Matthew Eickman will take the role of chief legal officer, bringing more than 12 years of experience as a fiduciary plan adviser and consultant, including as a retirement practice leader for Prime Retirement (recently also renamed from Qualified Plan Advisors).

Eickman, who has practiced law for more than 20 years and is active in the American Bar Association’s Tax Section, calls it “an exciting time to work as an ERISA attorney,” as the industry evolves amid changes that include the new fiduciary rule, formerly known as the retirement security rule.

“I’m excited to bring the experience of working directly with plan sponsors and also having [a registered investment adviser] to craft participant solutions for the past decade to bring into a law firm and work with one of the industry’s greatest thought leaders in Jason Roberts,” says Eickman. “To pair my experience with his leadership is a tremendous opportunity.”

Eickman says the firm has also built out its roster of attorneys to meet three more specialized areas of ERISA law in particular.

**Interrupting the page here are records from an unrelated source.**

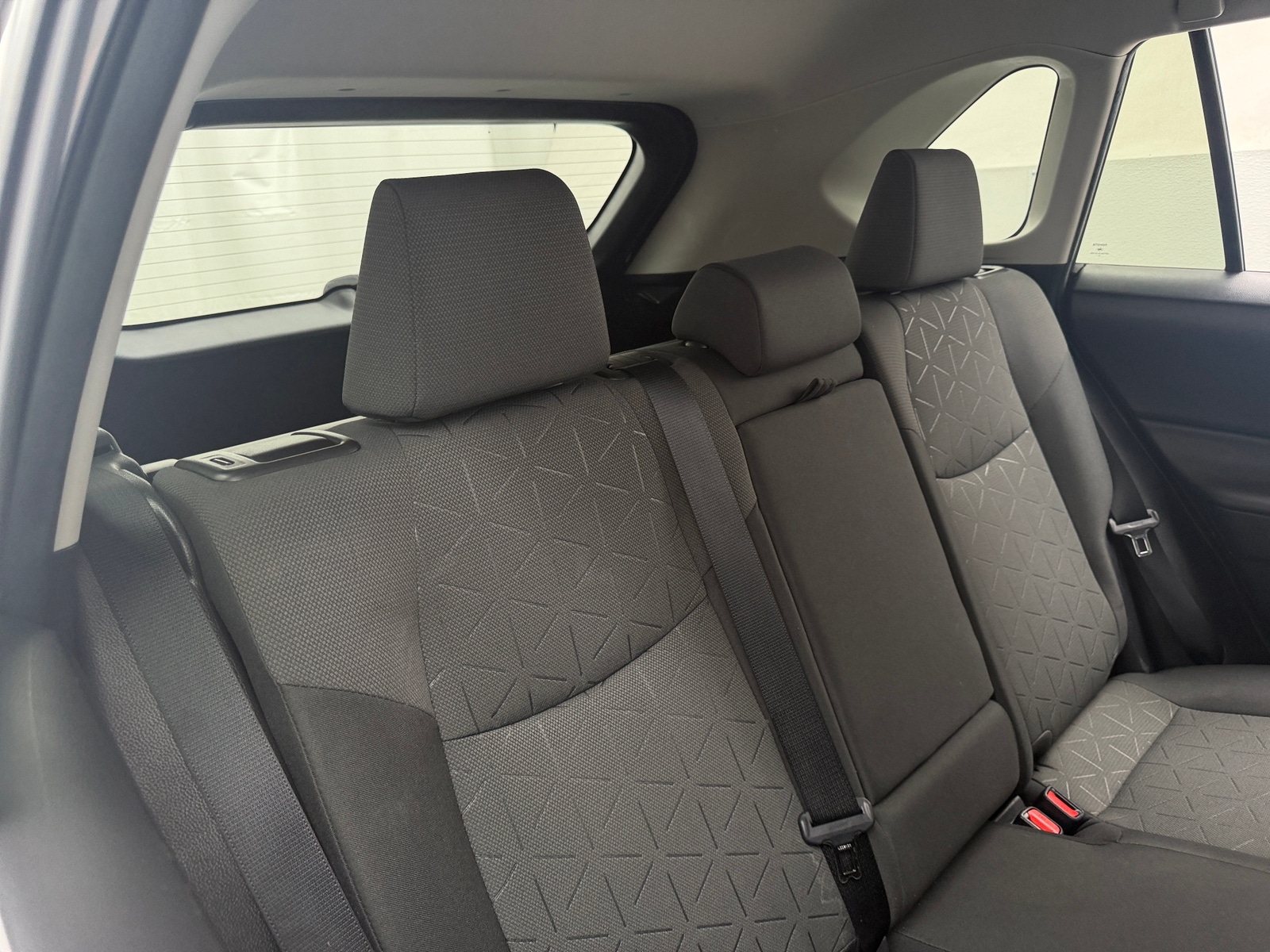 Thumbnail: 2020 Toyota RAV4 - 6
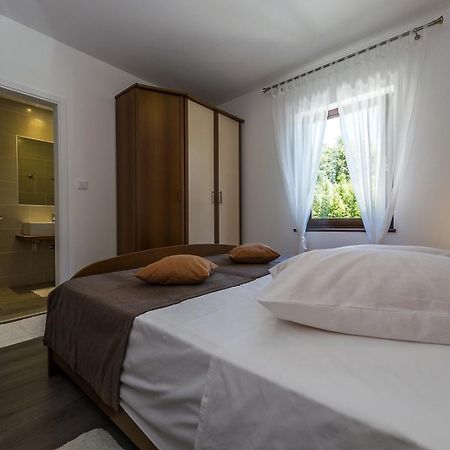 Spacious Three-Bedroom Villa Balun With Pool Poreč Eksteriør billede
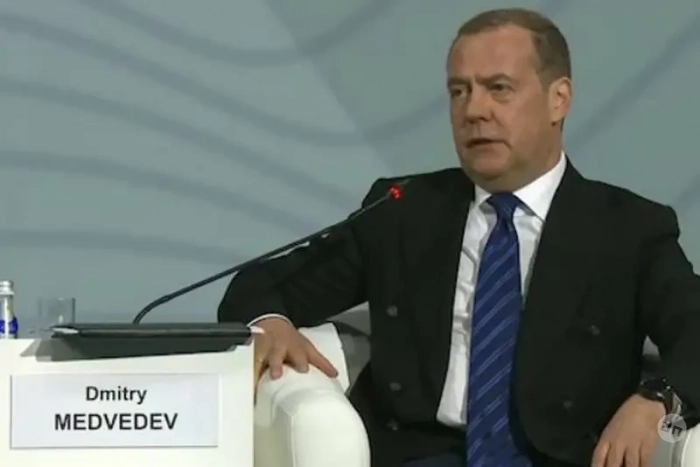 «Вариант с капитуляцией нравится больше»: Медведев заявил, что Украина всё ещё имеет шанс сохранить государственность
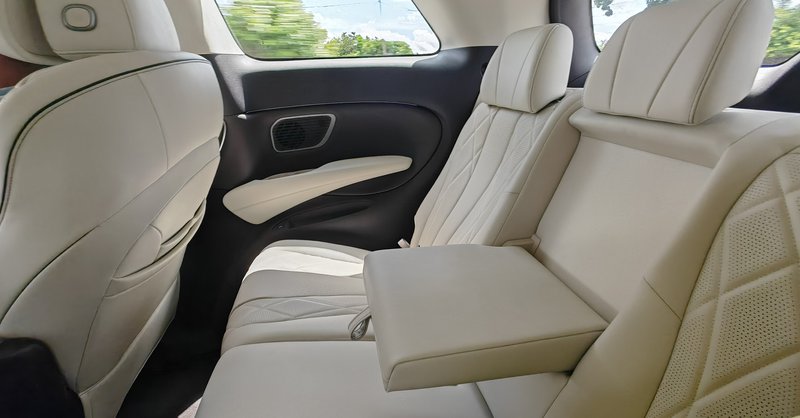 20251015_Denza D9-Arm rest.jpg
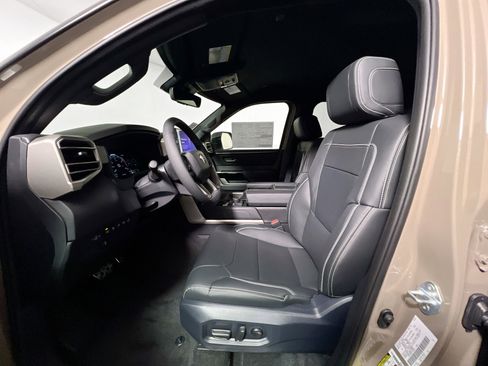 New 2026 Toyota Tundra Limited AWD/4WD image 14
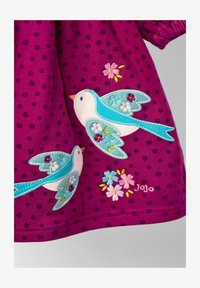 Seleccionado, purple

One is to assist firms in managing the “less-defined separation” between qualified retirement plans and private wealth management, with attorneys who understand the intersection of those businesses, as firms can “no longer work in a silo and address only traditional plan fiduciary issues.”

Matthew Eickman

A second area is the need to assist clients with IRS self-correction of retirement plan errors, which was expanded in SECURE Act 2.0 of 2022 legislation and requires more “vigilance” for plan sponsors to identify and quickly report, Eickman says.

Third, the firm will be focused on understanding and guiding plan fiduciaries on technological advancements regarding the use and protection of confidential information, particularly cybersecurity needs.

New attorneys include Paula Flaherty, who joins after more than 30 years at third-party administrator and recordkeeper firms, including John Hancock Retirement Plan Services LLC, and Michael Haya, previously president of Actuarial Consulting Services, a third-party administrator focused on small businesses.

Fiduciary Law Center’s Roberts is also the founder and CEO of the Pension Resource Institute, an ERISA consulting firm. Among its services is a compliance solutions program for banks, broker/dealers and registered investment advisers.